Just like Elon Musk’s poor ‘X’ sign above its San Francisco headquarters, Musk is considering removing headlines from the top of news articles on Twitter.
Photo: Justin Sullivan (Getty Images)

Twitter owner Elon Musk seems to think his site would look a lot better without any helpful, descriptive headlines that describe users’ posted links. This is also the man who still thinks that dull “X” logo represents his new brand, so that’s not saying much about Musk’s overall aesthetic taste.

Late on Monday, Fortune reported that Twitter—the site that keeps claiming it’s now called “X”—would remove headlines and description text from links posted to the app. Instead, each link would simply display the main image from the site without any other context on the URL. Musk then confirmed his plans to kill headlines in an early Tuesday morning tweet, claiming the move would “greatly improve the esthetics.”


According to Fortune’s unnamed sources, the company wants to make tweets smaller so it can stick more content on a single feed page.
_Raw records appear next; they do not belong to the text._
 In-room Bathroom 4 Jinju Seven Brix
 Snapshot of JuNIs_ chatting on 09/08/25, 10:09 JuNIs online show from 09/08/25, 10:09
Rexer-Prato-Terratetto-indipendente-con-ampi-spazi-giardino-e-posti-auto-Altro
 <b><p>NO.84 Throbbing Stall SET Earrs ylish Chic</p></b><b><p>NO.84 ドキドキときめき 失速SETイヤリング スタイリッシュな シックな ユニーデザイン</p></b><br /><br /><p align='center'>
Somehow, Musk also thinks this move would reduce clickbait. Currently, each shared article is included in a so-called “card” that provides a headline and a short description of the content. Cards don’t count as characters in the tweet format, and the cards have long been used by creators to provide context on the link without eating up that 280-character limit.


The move would force users to manually input the headline and description text in each tweet, a task that can be handled with a bot for websites that regularly tweet out every new article. For other users, it would require them to spend even more precious time, energy, and characters describing every single link they post. In such a future, Twitter users would be disincentivized from linking to outside sources altogether.
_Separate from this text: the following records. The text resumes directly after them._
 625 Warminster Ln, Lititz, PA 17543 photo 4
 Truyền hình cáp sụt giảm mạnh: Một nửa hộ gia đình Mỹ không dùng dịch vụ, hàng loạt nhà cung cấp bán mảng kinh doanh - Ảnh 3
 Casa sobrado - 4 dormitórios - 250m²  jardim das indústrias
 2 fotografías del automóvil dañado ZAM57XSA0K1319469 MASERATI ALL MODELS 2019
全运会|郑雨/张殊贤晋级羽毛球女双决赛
Though Musk is planting his foot on the “esthetics” excuse, this move would fit into the larger scheme Musk has for Twitter. The billionaire site owner wants Twitter to become the “everything app” and part of that plan is to somehow incentivize reporters to write news directly onto Twitter itself. Of course, this would incentivize those supposed reporters to buy $8 subscriptions in order to access longer tweets and other functions like Tweetdeck.

Twitter’s CEO Linda Yaccarino mentioned as much in a recent interview. She said that the plan for the platform is for users to subscribe to their favorite creators producing “video and articles” while making a “real living” from Musk’s affiliate scheme. Musk has also touted his platform as a means for publishing news content, and he tried to advertise his product to reporters desiring “more freedom to write and a higher income.”
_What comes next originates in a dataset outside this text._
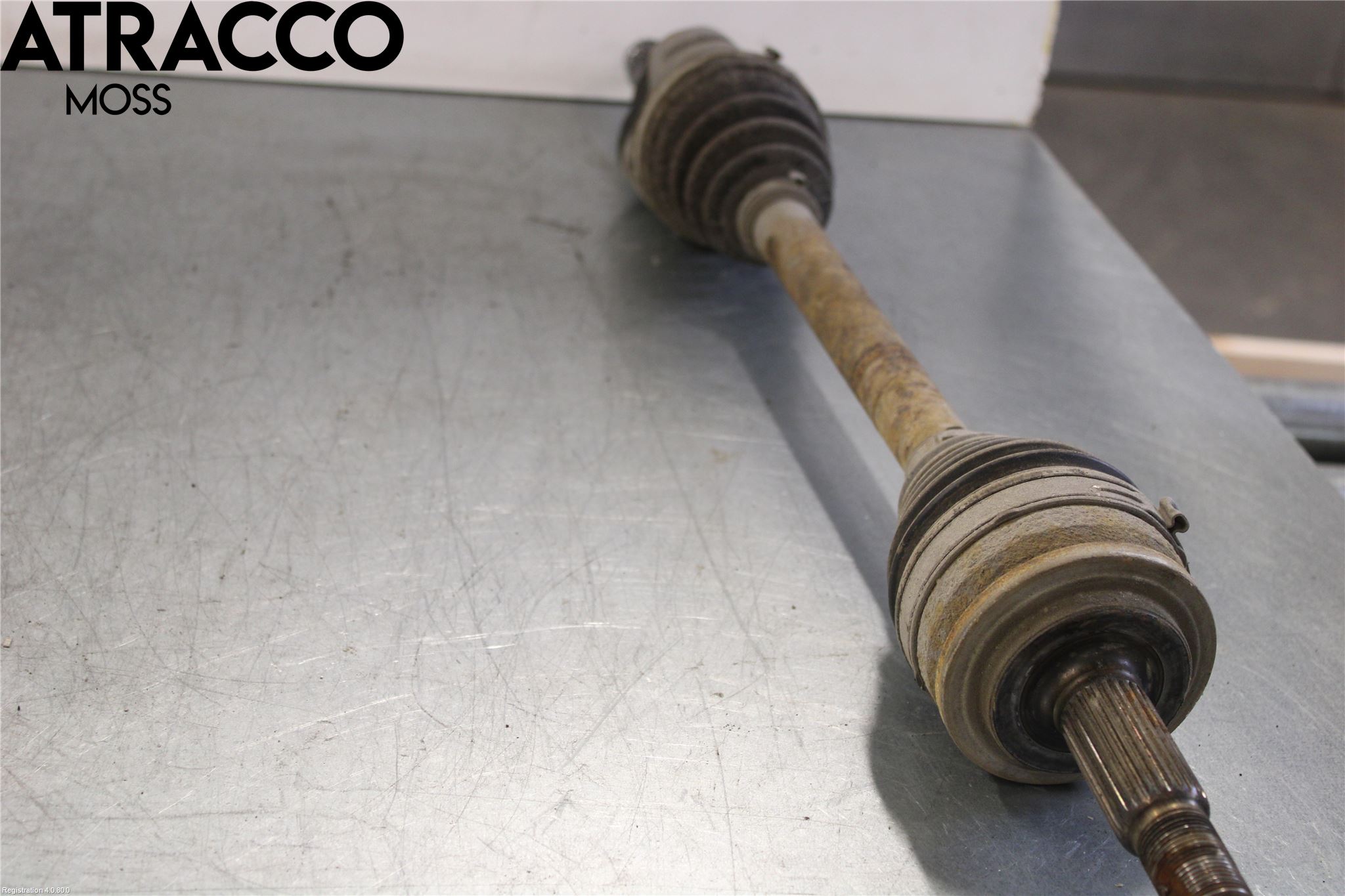 Toyota AURIS 10-12 Drivaksel Foran Kompl Venstre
Social media sites already try to keep users on the platform. Twitter, Facebook, TikTok, and more contain their own in-app browser when users click on outside links. This keeps them remaining within the app, allowing them to return with a single click. The entire point is to keep bumping engagement while continuing to track users’ activities on the web. Just don’t post anything that Musk might find disagreeable like the location of his private jet.


The move could also hit brands hard. Twitter has been stressed trying to keep advertisers paying even as the site keeps running ads next to controversial content including neo-Nazi propaganda. Removing headlines from links would likely make it even harder for brands to advertise on Twitter. Fortune’s source claimed that “advertisers didn’t like it,” but that the move is going forward anyway.

It’s just Musk’s latest scheme to make Twitter even more of a hellscape. Recently, Musk said he was considering removing the ability to block other users. Meanwhile, competitor Threads is adding a web app as it attempts to catch up with the original micro-blogging site.